Отшельники тщетно томились в ежеминутном ожидании сигнала, но однажды утром Робен, в пятнадцатый раз проходя по илистому руслу ручейка, вдруг подскочил, словно увидел змею. Прямо перед ним на воде болталась легкая лодка с четырьмя веслами, привязанная к толстому корню. Сомнений быть не могло. Это была она, та самая пирога, которую выдолбили и выстругали они с Казимиром, назвав ее «Надеждой», и которая так загадочно исчезла.
По какому невероятному стечению обстоятельств она могла оказаться здесь в нужную минуту и в полной готовности? В центре пироги лежала большая связка спелых бананов. Кроме того, здесь было несколько запеченных в золе бататов и клубней ямса и, что самое удивительное, дюжина сухарей и бутылка джина.
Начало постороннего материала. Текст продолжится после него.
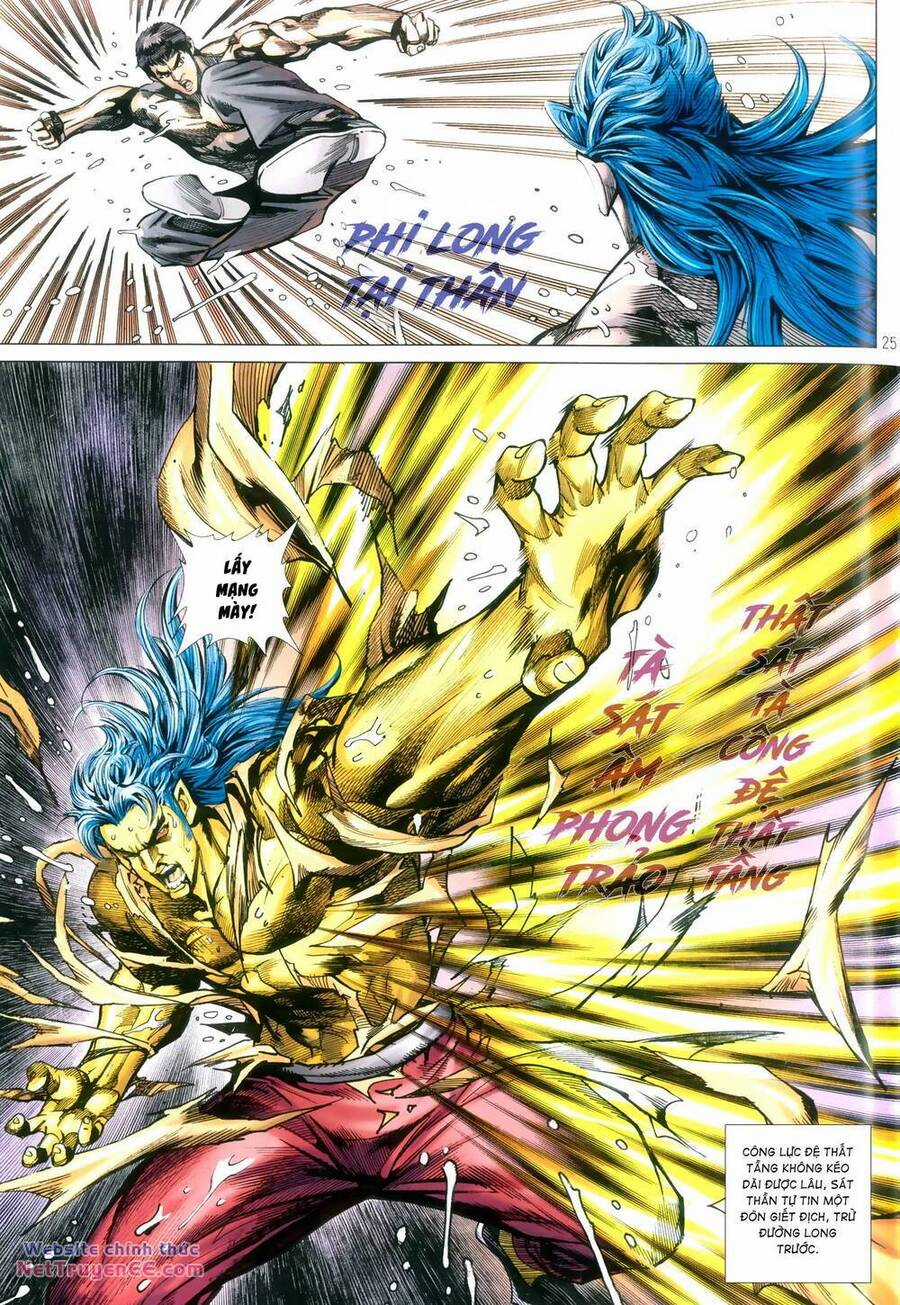 Anh Hùng Thập Bát - Chapter 109 - Trang 25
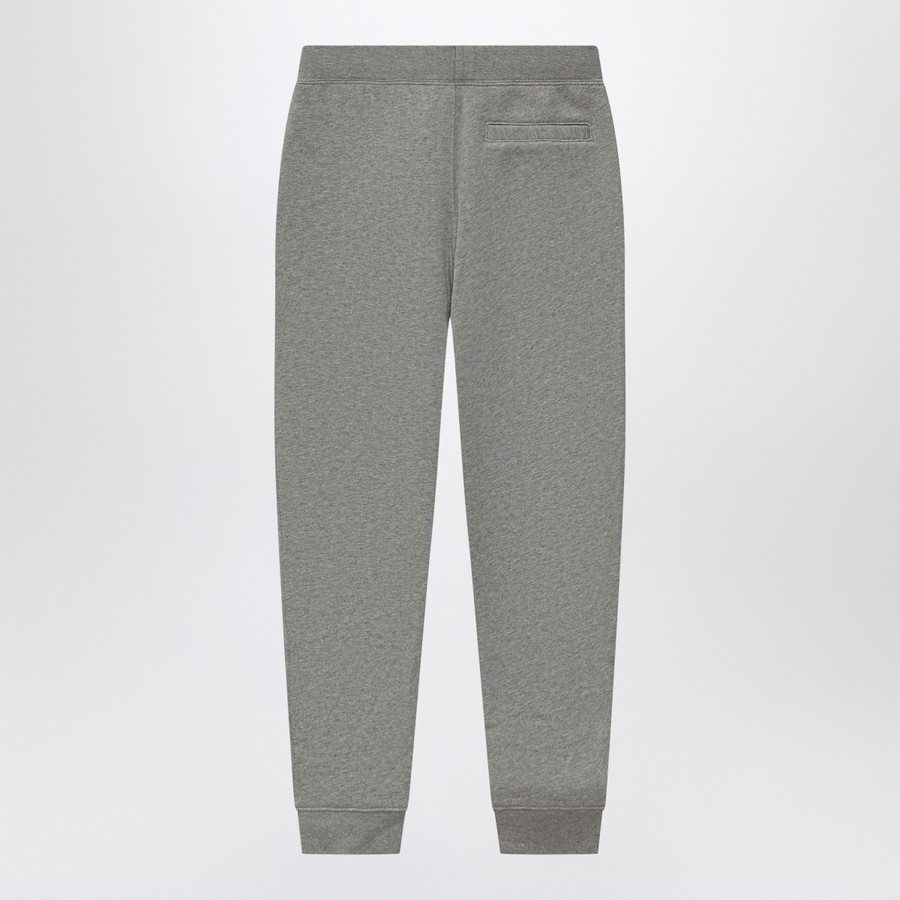 ボトムスその他 Ralph Lauren Melange grey cotton blend joggers Polo Ralph Lauren Grey cotton-blend jogging trousers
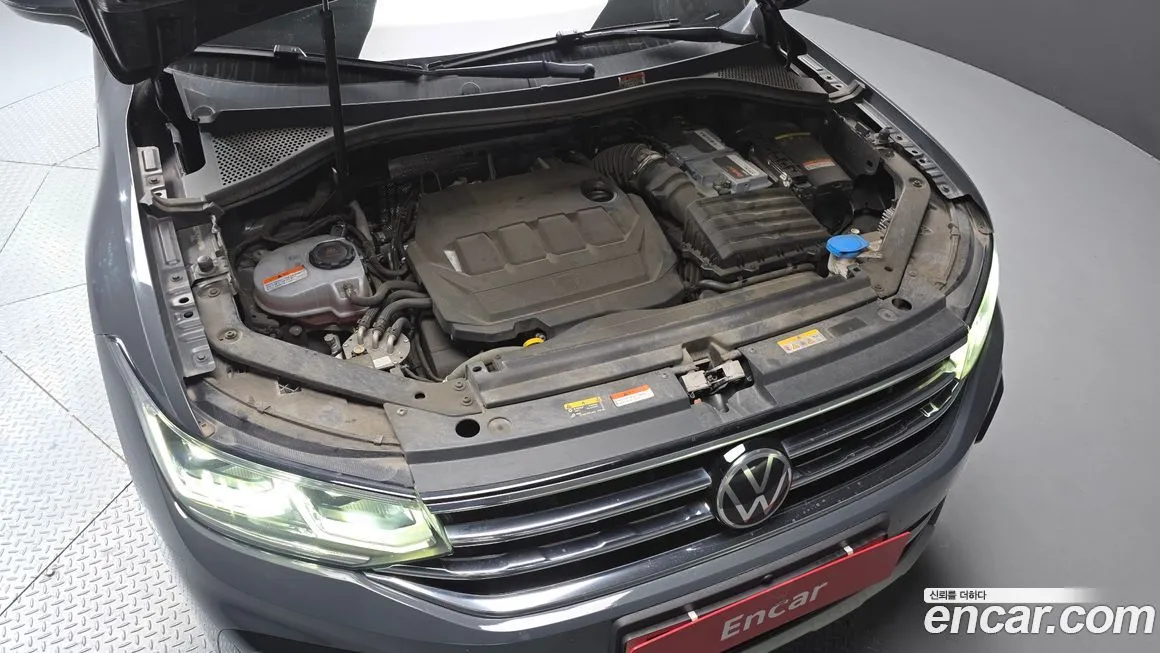 Volkswagen Tiguan 2021 из KR, фото 8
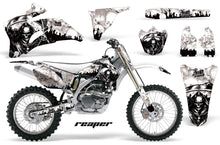 Load image into Gallery viewer, Graphics Kit Decal Wrap + # Plates For Yamaha YZ250F YZ450F 2006-2009 REAPER WHITE-atv motorcycle utv parts accessories gear helmets jackets gloves pantsAll Terrain Depot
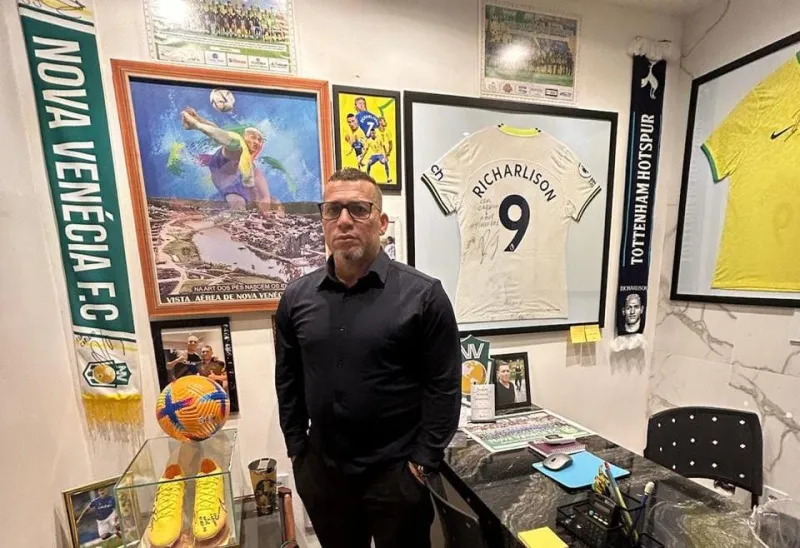 Presidente do Nova Venécia investe em capacitação e obtém certificações da Conmebol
Лодку, вероятно, затопили вскоре после ее пропажи, поскольку борта были совершенно мокрыми и грязными и местами даже покрылись мелкими водными растениями.
Несмотря на всю необычность чудесного возвращения пироги, инженер ни на секунду не стал об этом задумываться. Он мечтал лишь о том, чтобы поскорее вырваться из этой сырой темницы, и решил позже поразмыслить над этой загадкой.
Он бегом поспешил к месту их стоянки.
– Казимир, мы уходим!
– Куда мы идти, компе?
– Наша пирога вернулась. Не знаю как, но она здесь, совсем рядом. Это значит, что приток свободен, можно в этом не сомневаться. Наконец-то мы можем убраться из этого проклятого места и отправиться на Марони.
– Так хорошо, моя идти с вами.
Было бы излишне приводить здесь весь поток восклицаний и удивленных вопросов доброго старика. При этом он делал ничуть не меньше, чем говорил. Казалось, что его нога, раздутая от слоновой болезни, весит столько же, сколько и другая, здоровая. Бедный кокобе передвигался чуть ли не рысью и управился со сборами так быстро, что занял место в лодке одновременно со своим компаньоном.
Жестоко изуродованное болезнью черное лицо озарилось детской радостью, когда Казимир почувствовал в своих скрюченных пальцах рукоятку весла. Челнок, ведомый парой гребцов, тихо проскользнул по ручейку, едва задев береговые заросли трав, и вышел в более широкую протоку.
Кругом было спокойно, ничто не мешало их бесшумному движению. Они снова увидели дневной свет. Внимательно глядя по сторонам, прислушиваясь к малейшему шороху, напрягая мускулы, друзья плыли вперед. Весла бесшумно, без единого всплеска входили в воду, при этом надо было стараться не стукнуть веслом о борт пироги.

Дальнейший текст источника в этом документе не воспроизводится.